* **What to do**
Pictures stay out, but every line of the data is copied exactly.

##### Supplied records

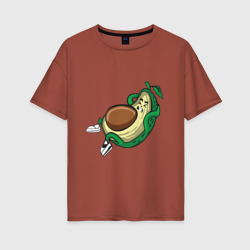 Авокадо и  пресс зож – Женская футболка хлопок Oversize с принтом купить со скидкой в -16%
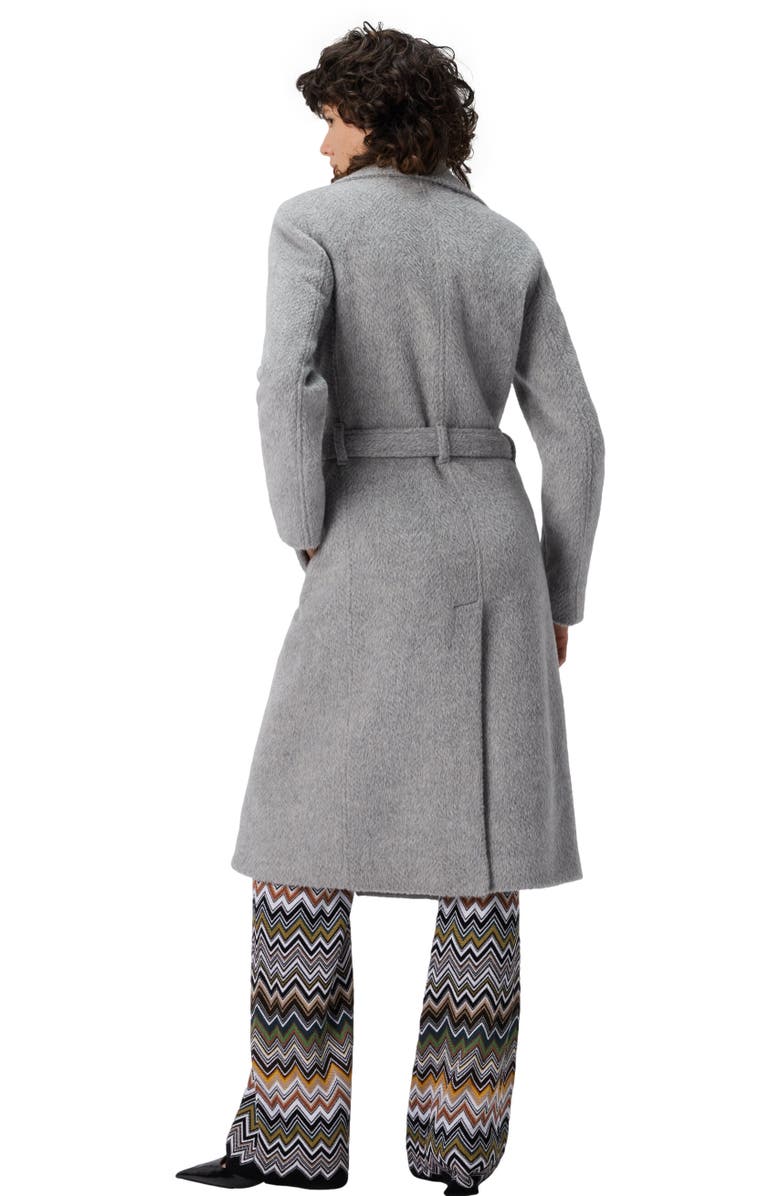Missoni Double-breasted Trench Coat With Tone-on-tone Chevron Pattern, Alternate, color, Grey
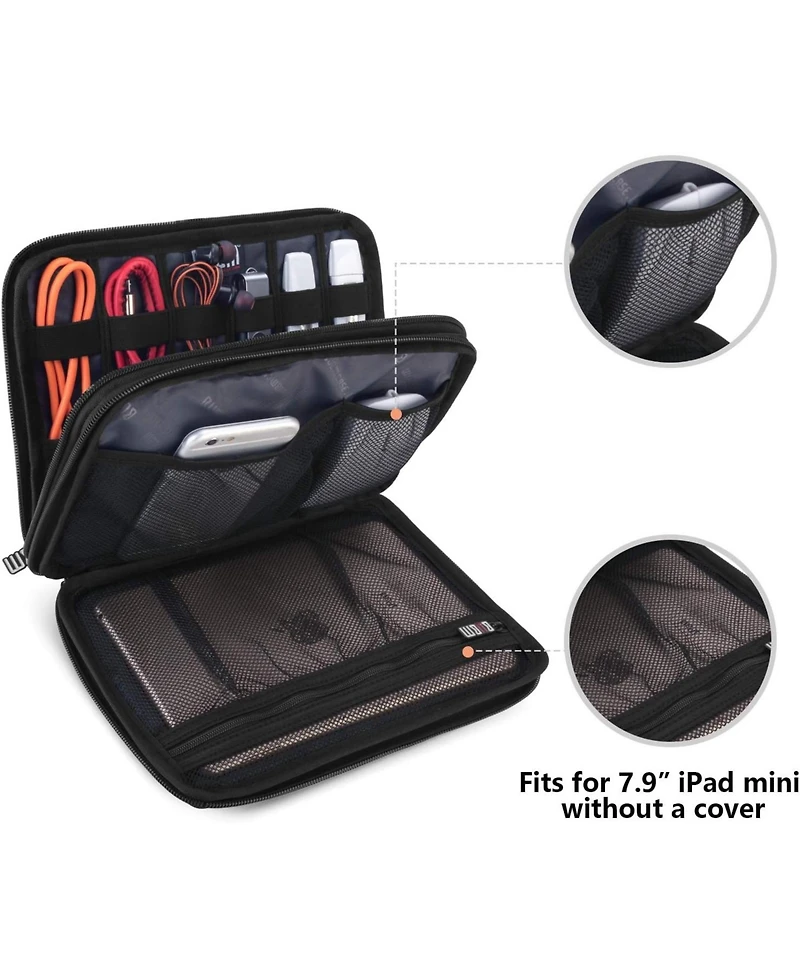 Bubm Gray Electronics Organizer - Medium Double Layer Travel Storage Bag for iPad Mini, Cables, Usb Drives, Chargers & Tech Accessories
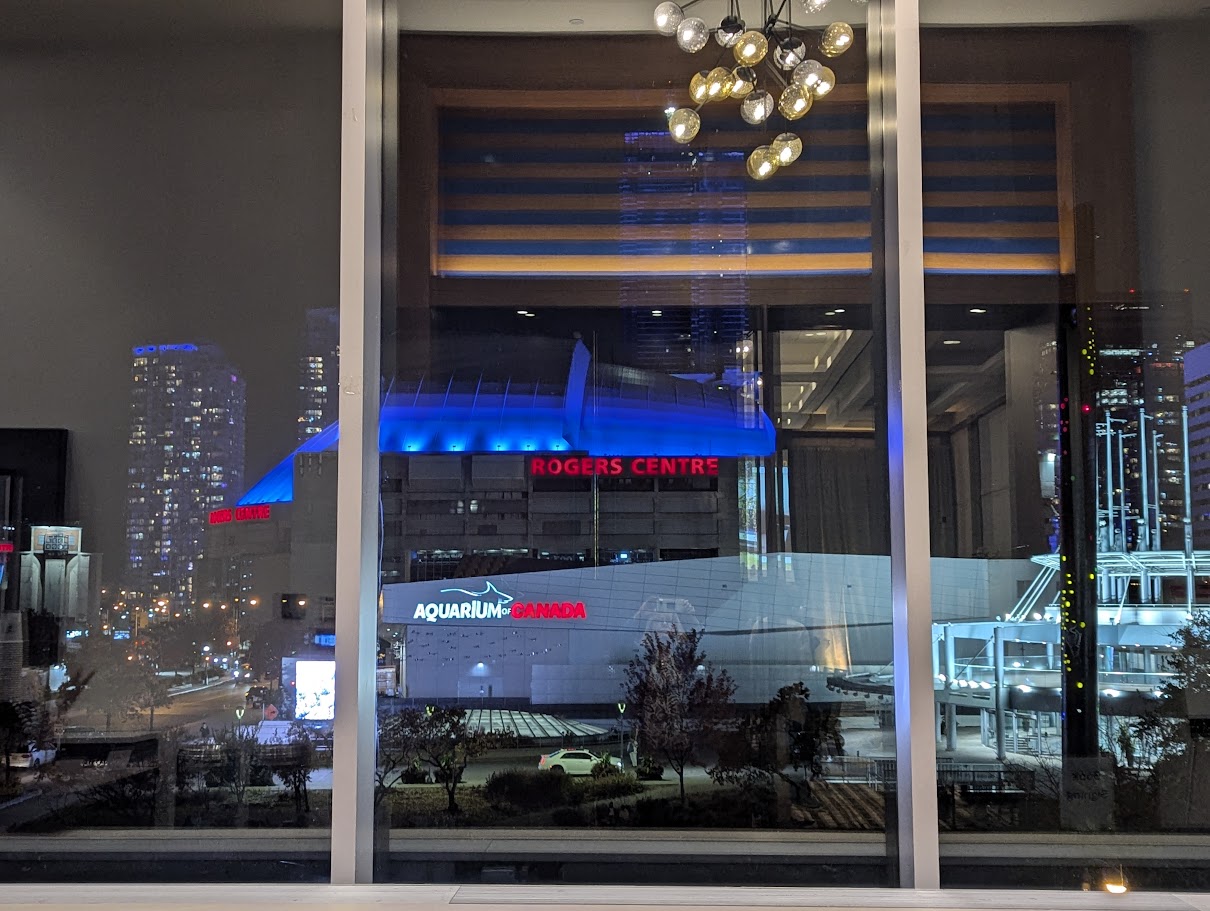 Rogers Centre and the Aquarium are in clear view across the road from the hotel window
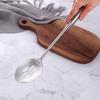 1 Solid Spoon 1 Slotted Spoon Stainless Steel, BUY&USE 2 Pcs Durable Cooking Utensil, 15 Inches Long Handle Serving Spoon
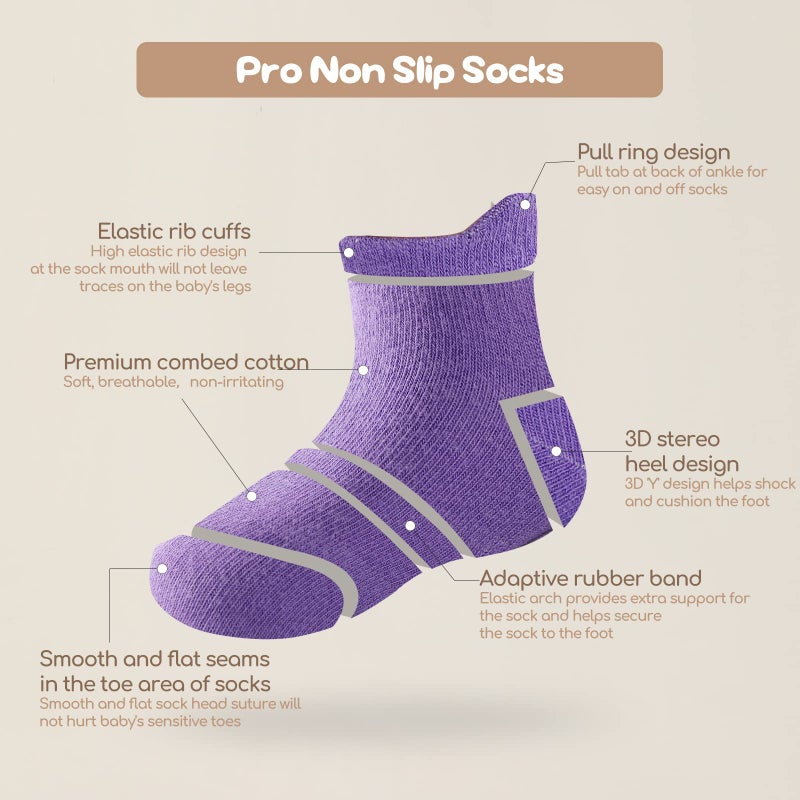 Aroveea Non Slip Grip Ankle Baby Socks 3-5 Years old Black For Toddler Boys and Girls Kids Socks 12 Pack Infant Cute Cotton Baby Socks - Image 3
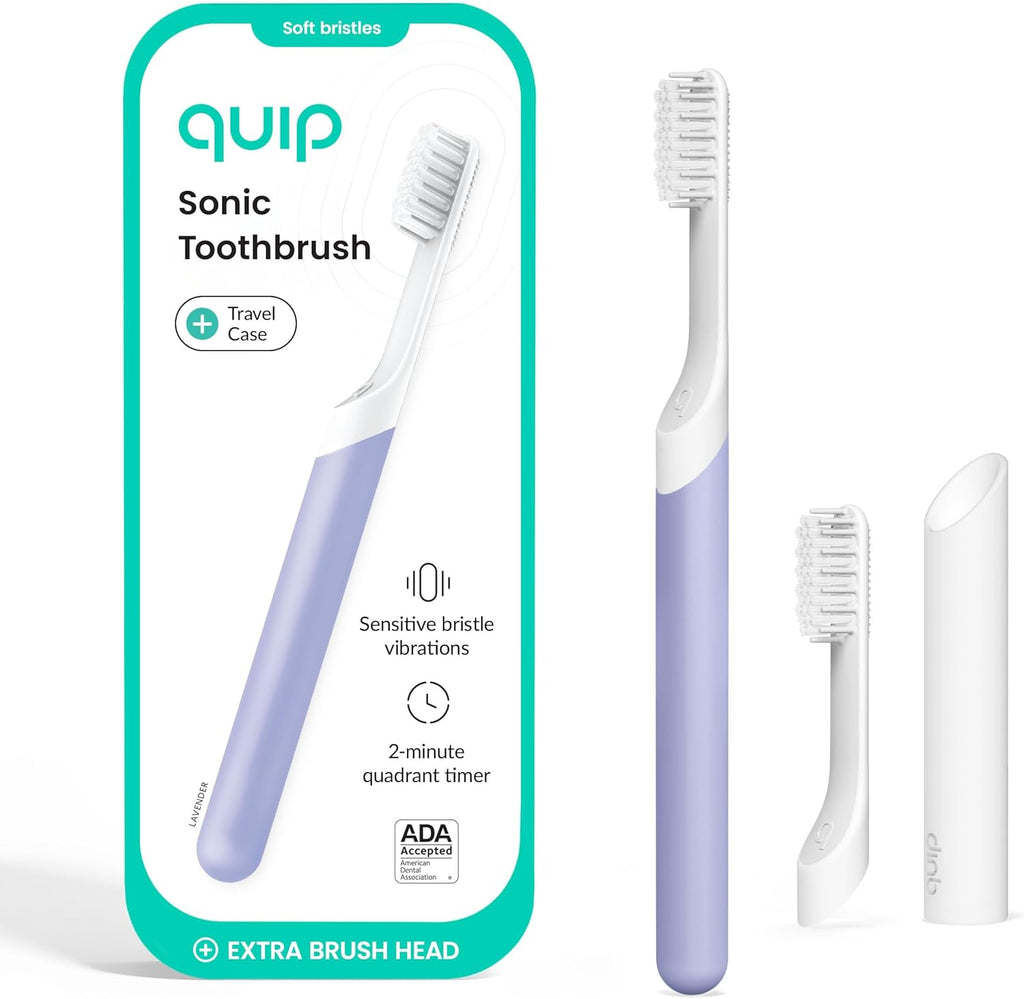 Quip Sonic Electric Toothbrush for Adults - Time Travel & Soft Bristles with Travel Case & Replacement Brush Head - 3 Month Battery Life, Plastic Handle- Lavender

##########

* **Written response**
 Авокадо и  пресс зож – Женская футболка хлопок Oversize с принтом купить со скидкой в -16%
Missoni Double-breasted Trench Coat With Tone-on-tone Chevron Pattern, Alternate, color, Grey
 Bubm Gray Electronics Organizer - Medium Double Layer Travel Storage Bag for iPad Mini, Cables, Usb Drives, Chargers & Tech Accessories
 Rogers Centre and the Aquarium are in clear view across the road from the hotel window
 1 Solid Spoon 1 Slotted Spoon Stainless Steel, BUY&USE 2 Pcs Durable Cooking Utensil, 15 Inches Long Handle Serving Spoon
 Aroveea Non Slip Grip Ankle Baby Socks 3-5 Years old Black For Toddler Boys and Girls Kids Socks 12 Pack Infant Cute Cotton Baby Socks - Image 3
 Quip Sonic Electric Toothbrush for Adults - Time Travel & Soft Bristles with Travel Case & Replacement Brush Head - 3 Month Battery Life, Plastic Handle- Lavender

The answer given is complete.